本発明は、セメント組成物の製造方法、及び、セメント組成物に関する。
セメント組成物(例えば、超高強度コンクリート)は、水、結合材、細骨材、粗骨材に加えて様々な機能材を混入して製造するのが一般的である。(例えば、特許文献1、特許文献2、及び非特許文献1参照)。
特開2015−6977号公報 特許第6363354号公報
コンクリート工学年次論文集、vol.41、No.1、2019、p.1199−1204
セメント組成物の製造方法として、例えば、機能材として収縮低減剤一液型高性能減水剤と鋼繊維とを混入し、膨張材を混入せずに、セメント組成物を製造する製造方法が知られている。
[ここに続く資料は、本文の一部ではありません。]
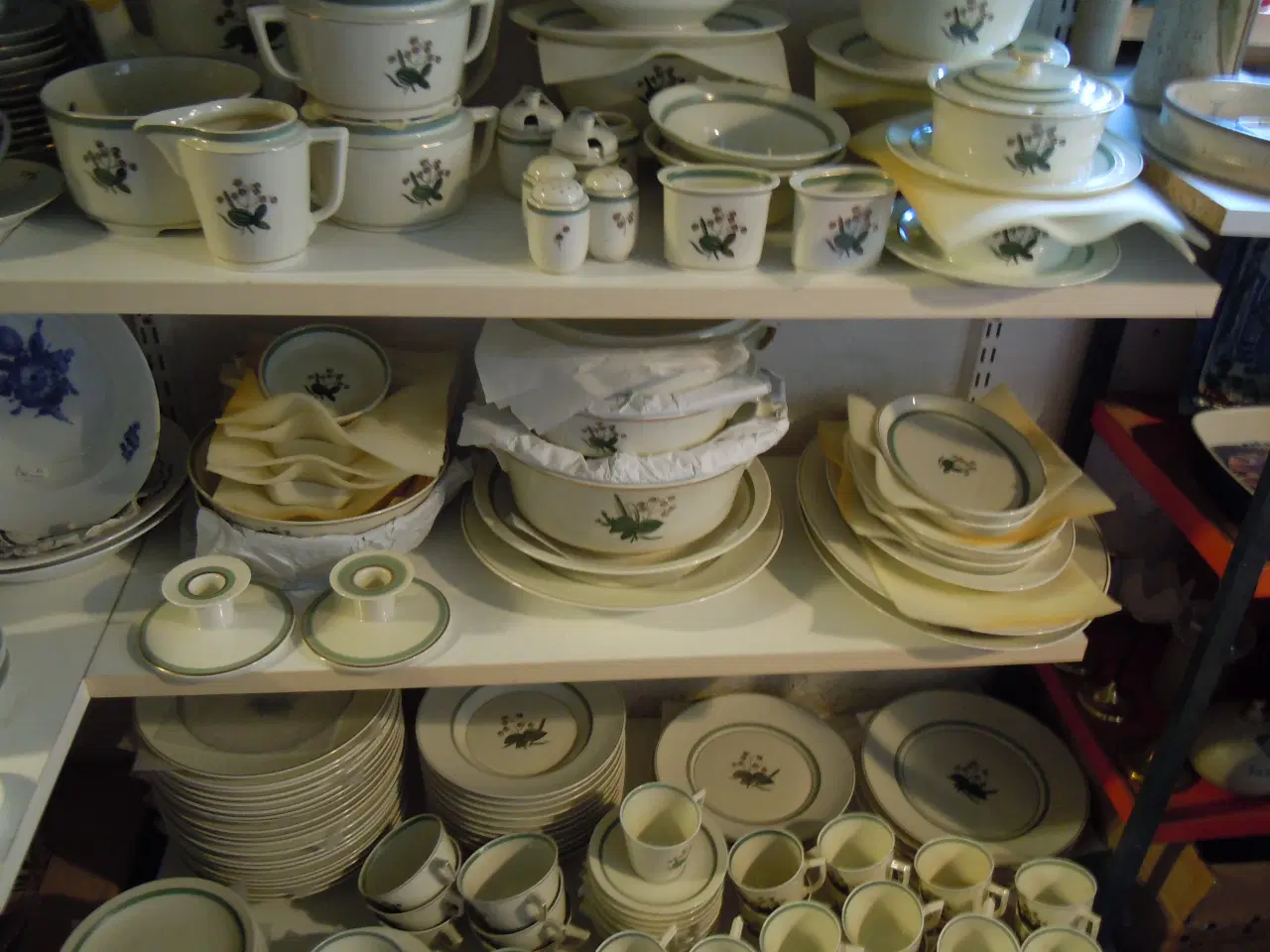 Billede 1 - OPHØR 1/2 pris på rest i KGL Hjertegræs .Pris fra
そして、かかるセメント組成物の従来の製造方法では、セメント組成物に自己収縮ひずみが生じるため、セメント組成物にひび割れが発生することがあった。
本発明は、かかる課題に鑑みてなされたものであって、その目的とするところは、セメント組成物のひび割れを適切に抑制することである。
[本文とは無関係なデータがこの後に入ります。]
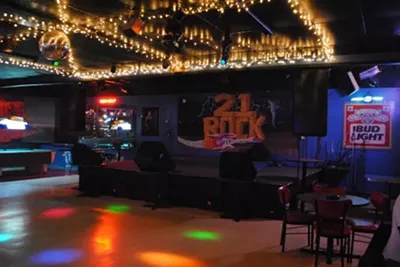 21 Rock Bar & Grill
上記目的を達成するための主たる発明は、収縮低減剤一液型高性能減水剤と鋼繊維とを混入し、膨張材を混入せずに、セメント組成物を製造するセメント組成物の製造方法であって、高性能減水剤を混入したベースセメント組成物の自己収縮ひずみに対する前記セメント組成物の自己収縮ひずみの比である自己収縮ひずみ比を、前記鋼繊維の混入量と前記鋼繊維の繊維強度とに基づいて算出するための算出式を準備する準備ステップと、前記算出式に基づいて前記混入量と前記繊維強度を決めて、前記セメント組成物を製造する製造ステップと、を有することを特徴とするセメント組成物の製造方法である。
本発明の他の特徴については、本明細書及び添付図面の記載により明らかにする。
本発明によれば、セメント組成物のひび割れを適切に抑制することが可能となる。
算出式を求める準備ステップと目的とするセメント組成物の製造ステップを示したフロー図である。 第1実施形態に係るベースセメント組成物及び算出式用セメント組成物に含まれる材料の一覧表である。 ひび割れ目視検査用の試験体を示した図である。 実施例1〜5の自己収縮試験、スランプフロー試験、及び圧縮強度試験の結果である。 ひび割れ目視検査の結果を示した図である。 実施例1〜5の重回帰分析に用いるパラメータ一覧である。 実施例1〜5の自己収縮ひずみ比と混入量×引張強度の一覧である。 実施例1〜5の自己収縮ひずみ比と混入量×引張強度の回帰式を示したグラフである。 水結合材比が反映された算出式を求める準備ステップと目的とするセメント組成物の製造ステップを示したフロー図である。 第3実施形態に係るベースセメント組成物及び算出式用セメント組成物に含まれる材料の一覧表である。 実施例1〜7の自己収縮試験、スランプフロー試験、及び圧縮強度試験の結果である。 実施例1〜7の重回帰分析に用いるパラメータ一覧である。 実施例1〜7の自己収縮ひずみ比と混入量×引張強度/水結合材比の一覧である。 実施例1〜7の自己収縮ひずみ比と混入量×引張強度/水結合材比の回帰式を示したグラフである。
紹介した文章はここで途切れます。